London Calling - A Version

Categories: uncategorized

Date: 03 September 2012 14:42:27

The Church Times review of Greenbelt has within its introduction "the choices each of the 20,000 made coloured his or her experience of the festival" - and so it is also with the writing social histories. Barry Miles London Calling is no exception the choices he made coloured his experience of the period and the material included within his book. The Counter-cultural History of London since 1945 which the book seeks to give tries to cover 1945 - 2010 but the core of the book goes from 1955 - 1973 with an additional chunk bolted on related to punk. The references leading up to the mid 1950's and from the mid-1980's onwards are pretty much window dressing.

Part two of the book (pp121 - 309) which covers the 1960's and ends with the Oz trial in 1973 has the most depth to it and the book would not have been that much altered if it only that part had been published. The coverage of this period is not so much counter-cultural history as personal memoir. Within this lies both the strength and the weakness of the book. The strength is the depth of information given but the weakness is that it looks at the topic too narrowly. By focusing on the celebrities of the time and his friends, (many of whom were one in the same), he gives a counter-cultural history of the underground elite rather than of the wider social and artistic movements in their entirety.

Is it worth ploughing through? Yes, primarily for chapters 15 - 20 which cover '66 and '67 and focus on the London Free School, International Times, UFO, 14 Hour Technicolor Dream and The Arts Lab.
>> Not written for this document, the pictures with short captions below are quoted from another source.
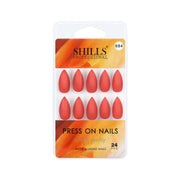 Matte Solid Color Nails Square(SPN677-SPN686) - Shills Professional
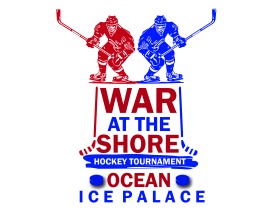 War at the Shore Logo  entry by Rehandesigner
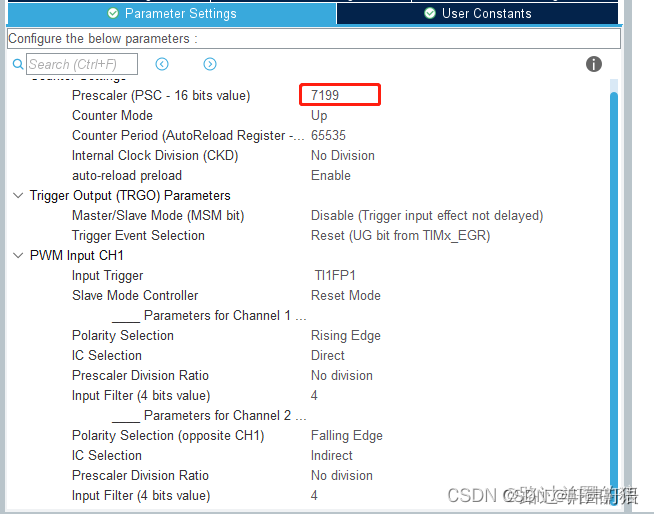 STM32CubeMX，定时器之定时功能，入门学习，如何设置prescaler，以及timer计算PWM输入捕获方法（重要）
In terms of the getting the counter-culture picture from the non-elite members of the underground dad if you happen to read this get on with writing your memoirs. I say this because having listened to my dads ramblings/ recollections and thinking back on the life I saw him live as I grew up I know his experiences of countercultural history would compliment this book really well. There is overlap but dad lived it from a different perspective and in some more suburban settings.